Orchestre de Paris : l'attente

Semyon Bychkov ayant annoncé qu'il ne solliciterait pas le renouvellement de son contrat en 1998, on s'attendait à ce que, avec de tels délais, un vaste choix s'offre pour une fois à l'Orchestre de Paris. Le bref passage de Stéphane Lissner comme administrateur ne fit qu'ajouter à la confusion. Il semblait s'orienter vers une solution bicéphale avec Christoph von Dohnanyi et Franz Brüggen, lorsqu'il fut nommé à Aix et à Madrid. Son successeur, Georges-François Hirsch, libéré du CSA, veut prendre son temps et restructurer la formation de l'intérieur avant de désigner un nouveau directeur musical, ce qui ne sera peut-être pas fait avant l'an 2000. Le problème majeur reste que les chefs ayant suffisamment de renom pour stimuler l'orchestre, attirer le public et signer avec une grande firme de disques sont tous sous contrat pour longtemps avec d'autres formations plus prestigieuses. Incertitude, donc, qui n'a pas un effet positif sur l'orchestre.

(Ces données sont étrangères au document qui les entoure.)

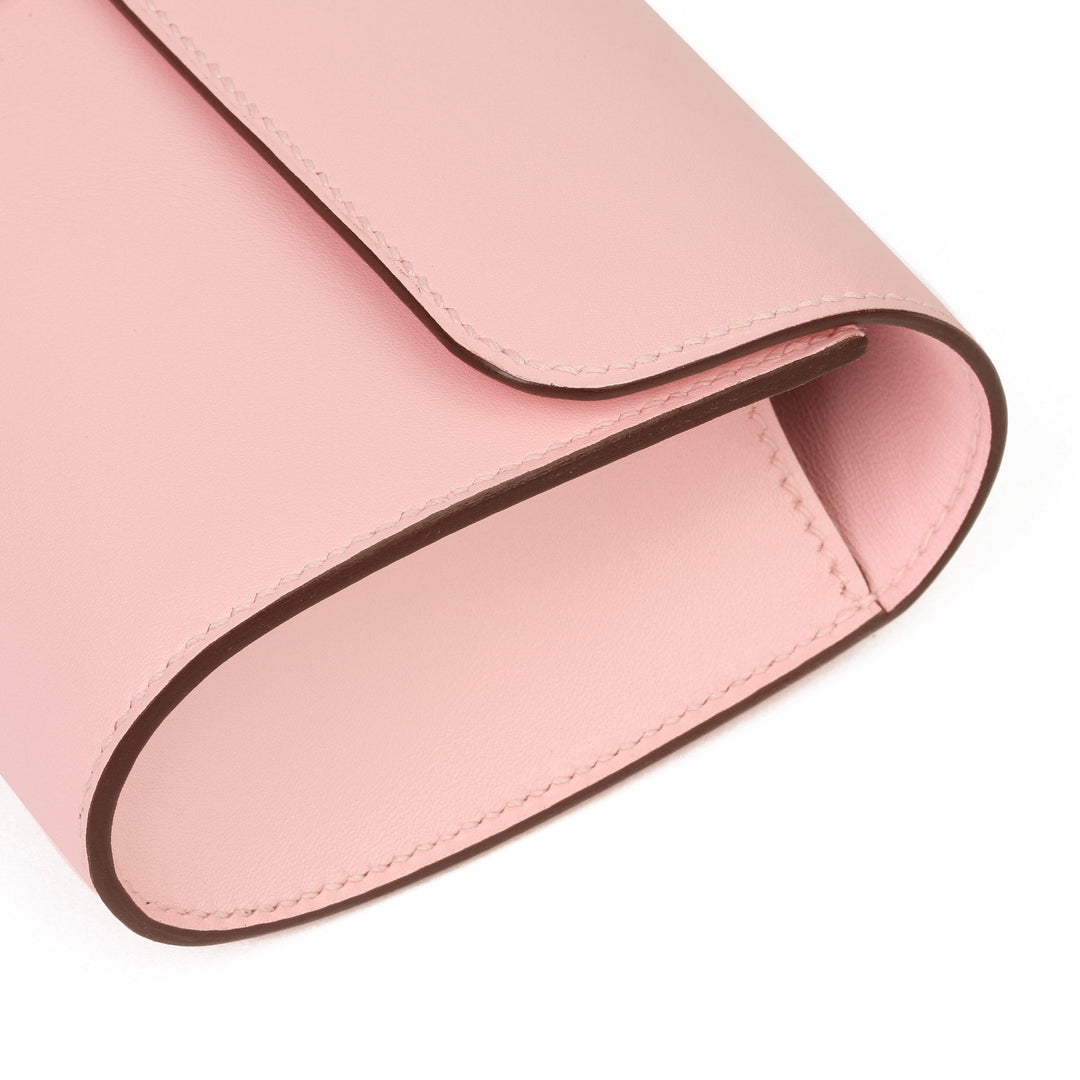 Top quality Hermes Rose Sakura Tadelakt Leather Egee Clutch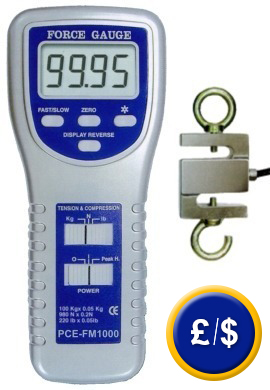 PCE-FM 1000 force tester for measuring traction and compression up to 100kg.
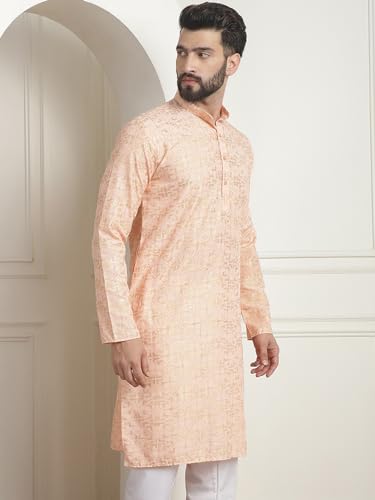 Image of SOJANYA (Since 1958 Men's Cotton Embroidered Printed Only Long Kurta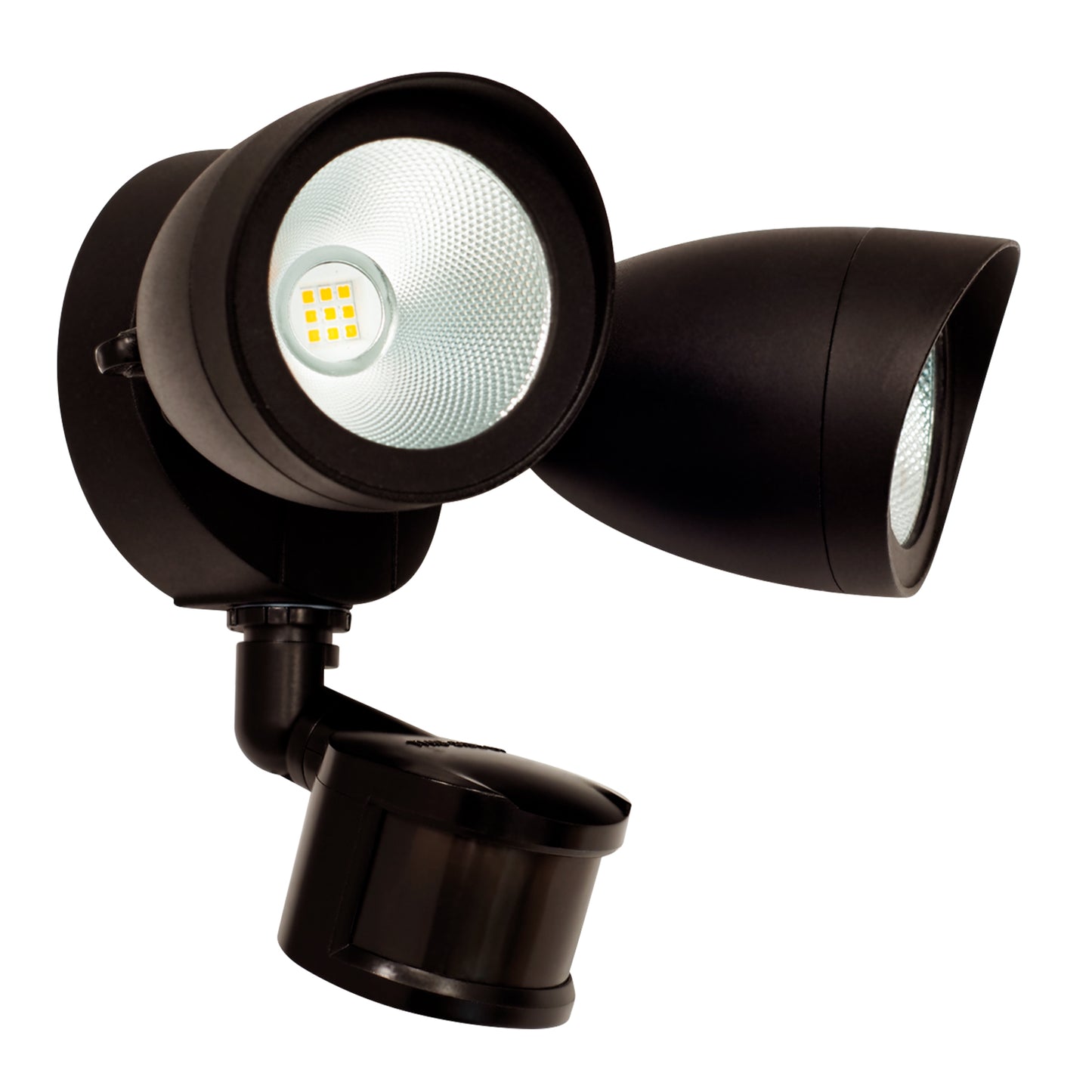 Twin Head LED Security Light with Motion Sensor Bronze Finish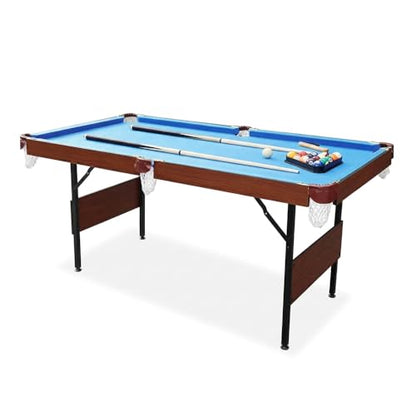 RACK Crux 55-inch Folding Billiard/Pool Table – Portable, Space-Saving Foldable Design - style: Blue 3-in-1 Multi Game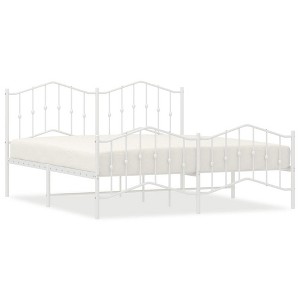 vidaXL California King Metal Bed Frame with Headboard & Footboard, Sturdy Steel, White, No Mattress - 1 of 4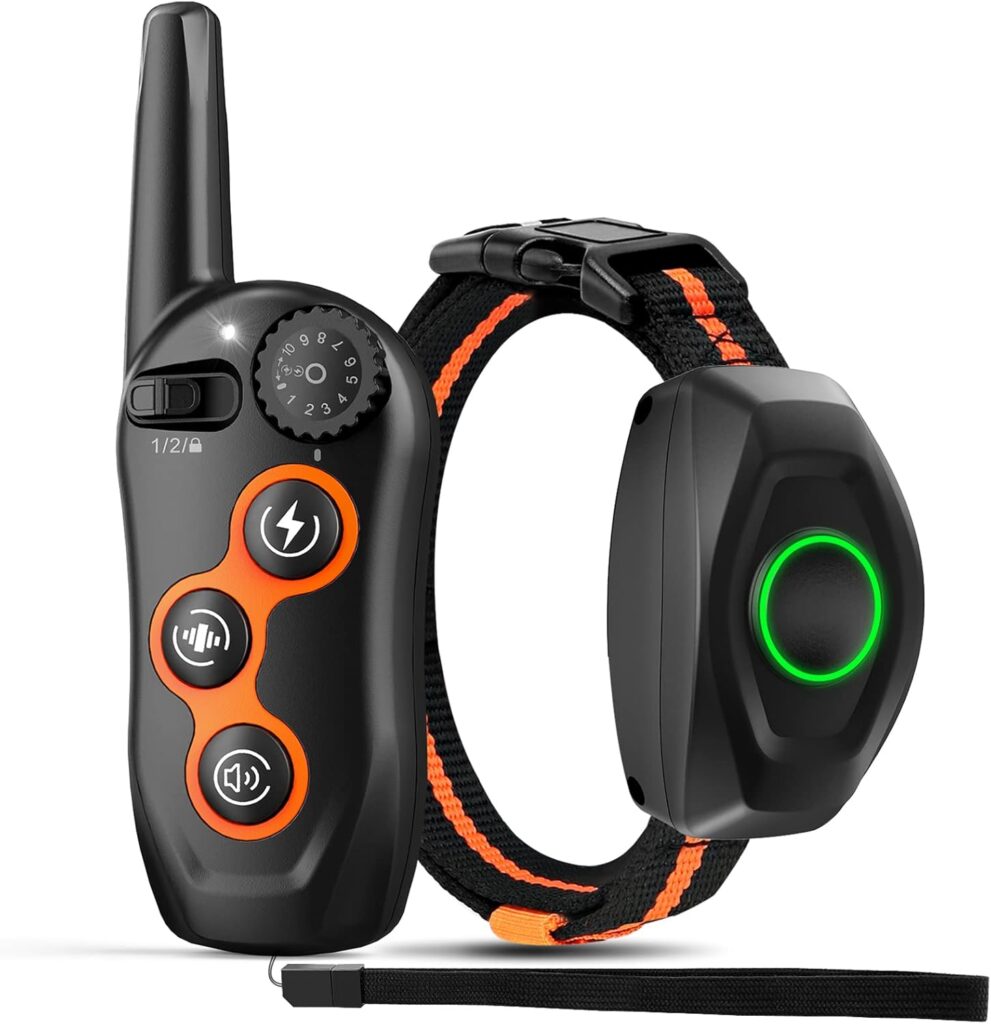 Dog Training Collar, IPX7 Waterproof Dog Training Collar with Remote Range 1300ft, 3 Training Modes, Beep, Static, Vibration, Rechargeable Electric Training Collar for Small Medium Large Dogs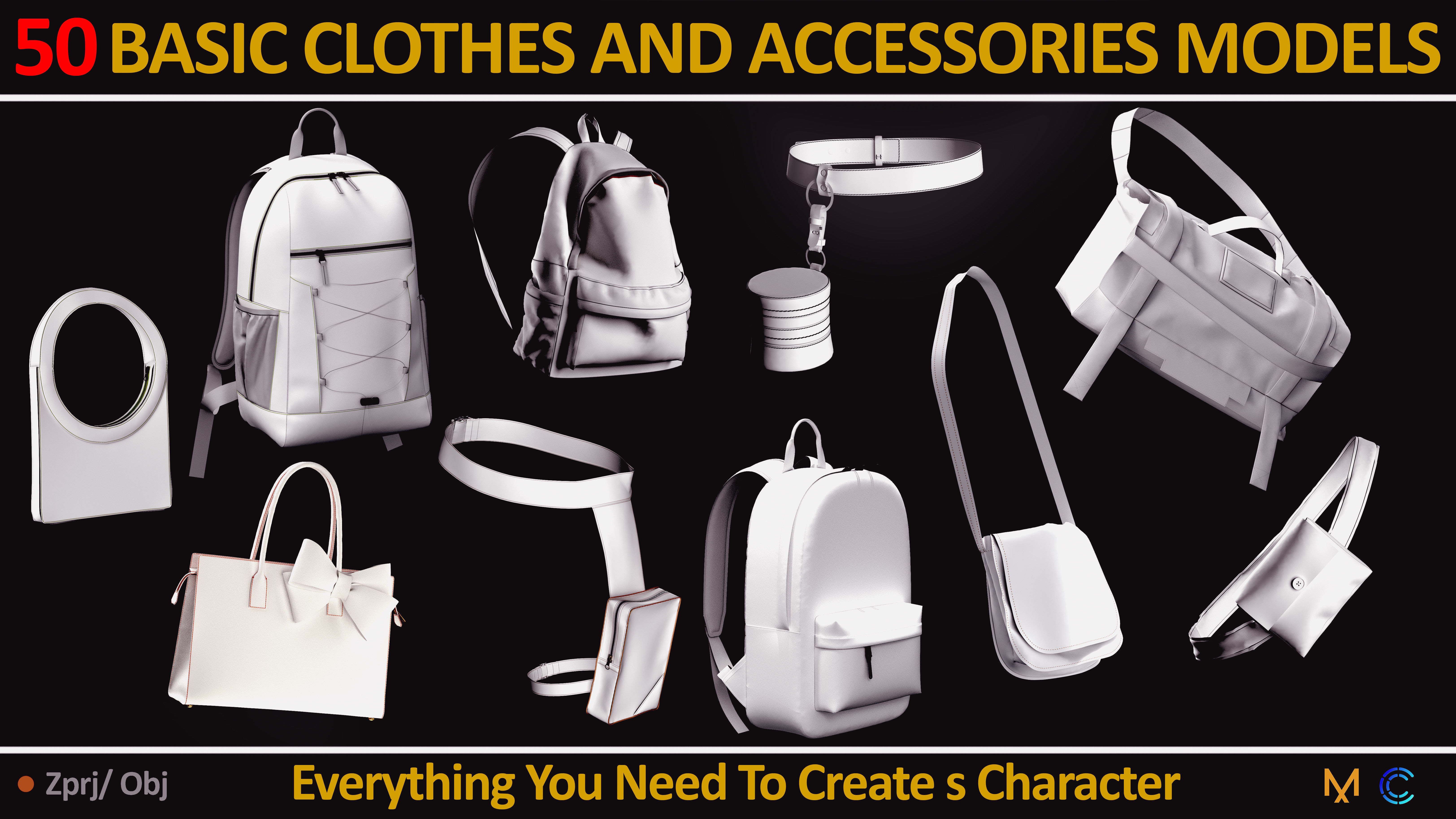 50 BASIC CLOTHES AND ACCESSORIES FOR FEMALE  Low-poly 3D model_11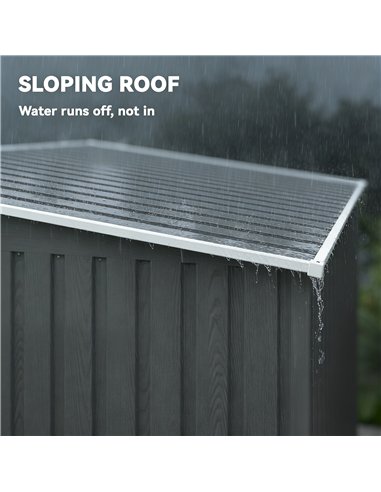Outsunny 7 x 5ft Galvanised Metal Shed, with Sliding Door - Light Grey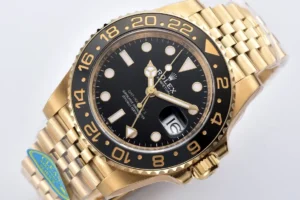 Rolex GMT-Master II black dial ceramic bezel yellow gold case watch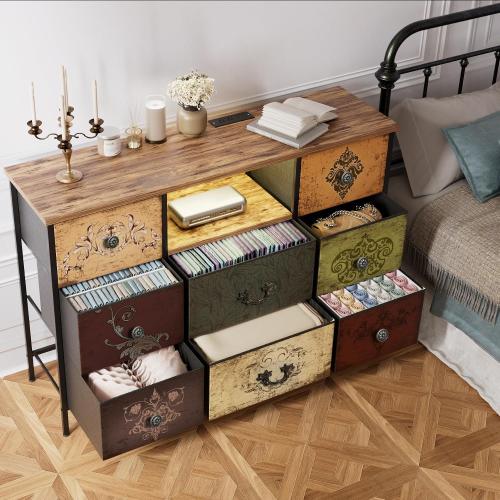 VASICAR Pattern Dresser with LED Lights and Power Outlets, Dresser TV Stand with 8 Drawers for 55 TV, Fabric Chest of Drawers for Bedroom, Living Room, Entryway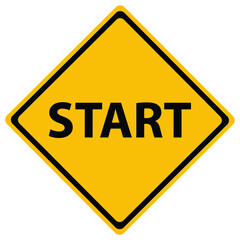 Start traffic sign on white background
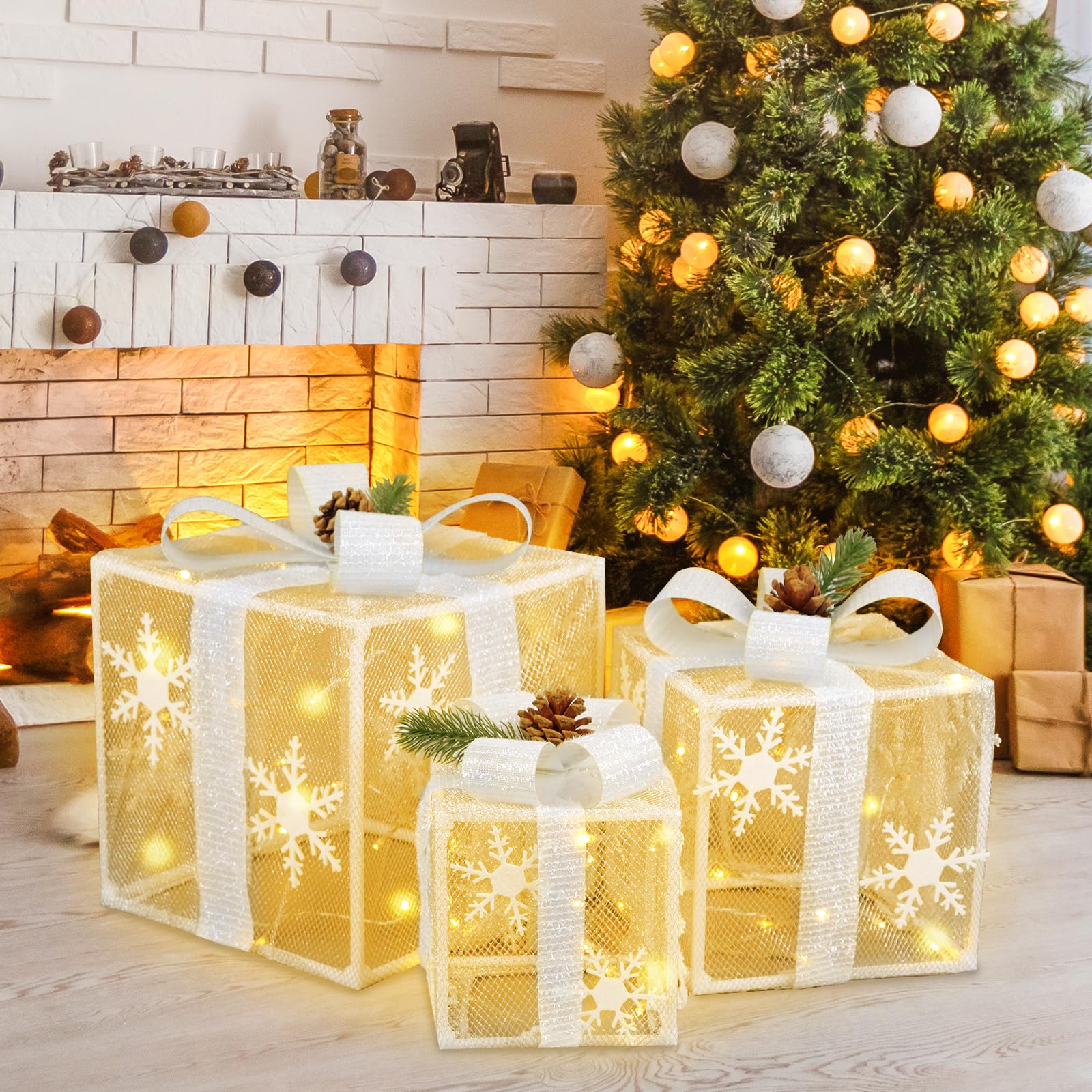 BigKing LED Three-Piece Gift Box, Exquisite Snowflake Shape, Christmas Light Boxes, Universal Decorative Lights for Trees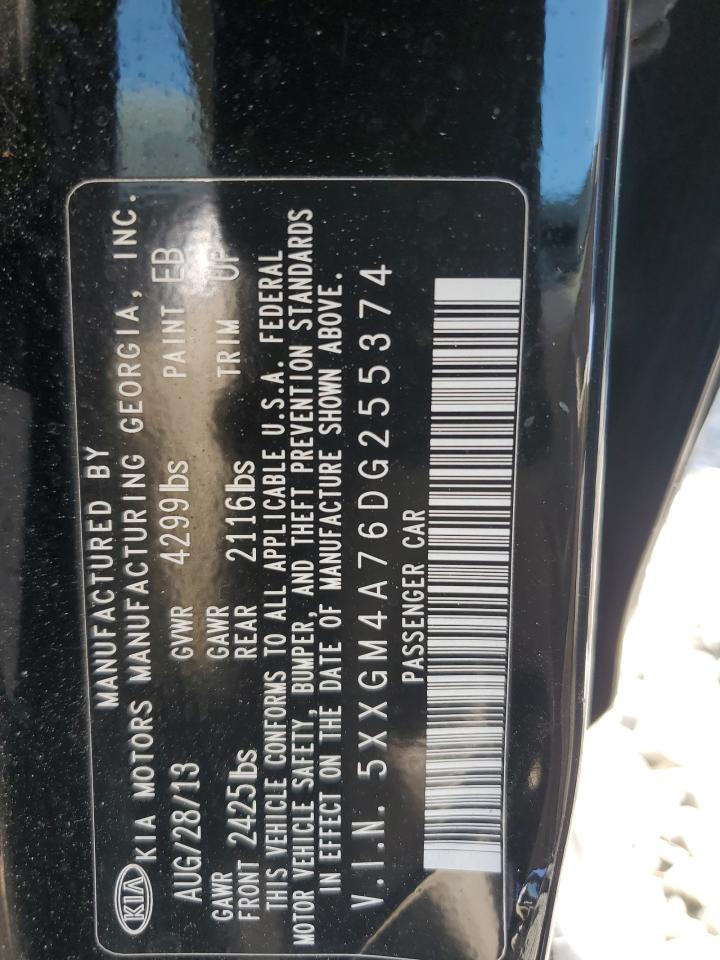 2013 Kia Optima Lx VIN: 5XXGM4A76DG255374 Lot: 82224555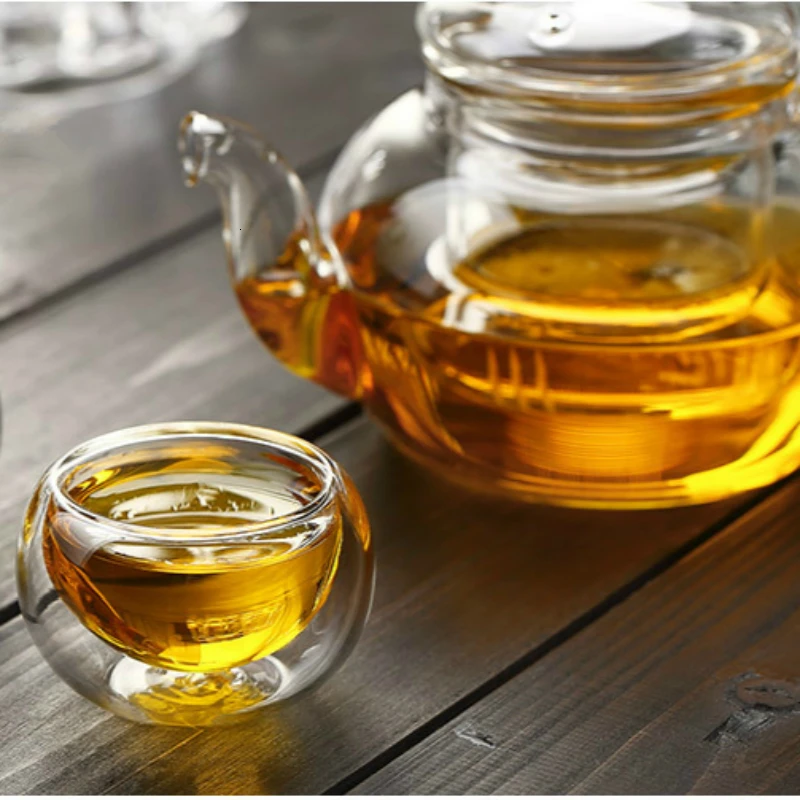 6 шт. двухслойные Хрустальные стеклянные чашки для дома прозрачные плотные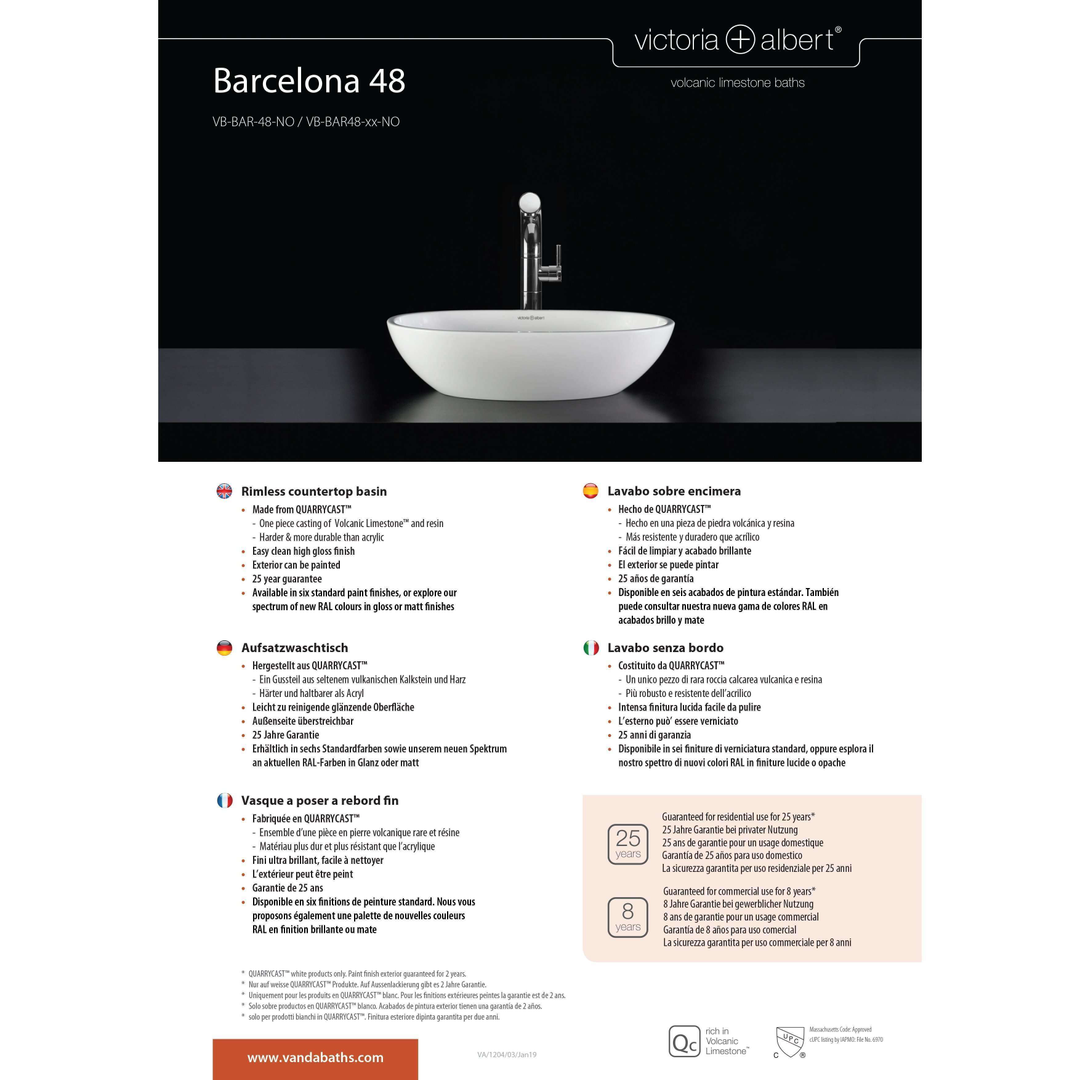 V+A Barcelona Freestanding Bath No Overflow Quarrycast White 1785mm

Nouveau directeur musical à Radio France

Atteint par l'âge de la retraite, Claude Samuel était tenu de partir en juin 1996. Il fallut plusieurs mois au nouveau président-directeur général de Radio France, Michel Boyon, pour résoudre ce problème. Finalement, c'est Pascal Dumay qui fut choisi. Ancien pianiste, frère du grand violoniste Augustin Dumay, il avait fait ses armes à la tête de divers festivals et tout récemment à celle des disques Erato. Son rôle sera d'autant plus délicat et important qu'il est toujours question d'une vaste réforme des chaînes de Radio France et d'un regroupement qui bouleverserait les structures thématiques actuelles.

Garnier et le Capitole : tout neufs

Deux des plus illustres salles d'opéra françaises ont rouvert cette année avec un blason redoré. Le palais Garnier après dix-huit mois de fermeture a vu la fin d'une tranche de travaux de remise en l'état, un peu comme cela avait été le cas pour le Théâtre des Champs-Élysées. Une restauration discrète des ors, des blasons, des caryatides, des velours, des sièges, de l'éclairage, un rideau de scène entièrement refait à l'identique ont redonné à la salle sa beauté initiale, sans faute de goût ni clinquant, tandis que la scène bénéficiait de multiples améliorations. Début mars, Don Giovanni, en concert sous la baguette de sir Georg Solti, et Cosi fan tutte en spectacle ont inauguré une nouvelle ère pour ce lieu mondialement admiré, qui revient à une vie normale avec une alternance de lyrique et de ballet.